History of HDRM

At the time this site was developed in 2011, there was only one science-based treatment modality that was not centred exclusively on psychotherapeutic treatments for those with eating disorders and that was Family Based Treatment, formerly known as the Maudsley Treatment. It originated in the Maudsley Hospital in the UK and centred recovery on food intake because the Minnesota starvation experiment showed that all the mental disturbances that were thought to be inherent to the disorder of restricting eating were actually the result of how a starved brain malfunctions.

I go into more detail on the Minnesota starvation experiment in the Phases of Recovery series on this site. The premise behind FBT is that most of the psychiatric manifestations that come with starvation are resolved if the patient really focuses on refeeding. It was revolutionary in eating disorder treatment.
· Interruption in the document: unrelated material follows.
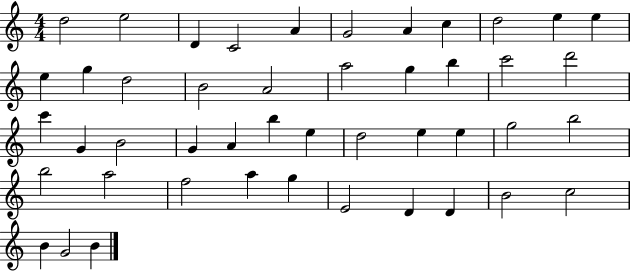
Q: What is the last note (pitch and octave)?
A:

Applying all manner of psychiatric drugs and psychotherapeutic treatment modalities to a starving person when they are refusing to eat had been the dominant treatment approach before Maudsley and it was highly unsuccessful in helping patients realize any kind of improvement or remission.

However, FBT is designed for children and therefore guardians feature prominently in the recovery process. For most people visiting this site, they are adolescents and adults of all ages and so the MinnieMaud was developed (a nod to the Minnesota starvation experiment and the Maudsley protocol as it was known then) to address the gap in treatment beyond FBT.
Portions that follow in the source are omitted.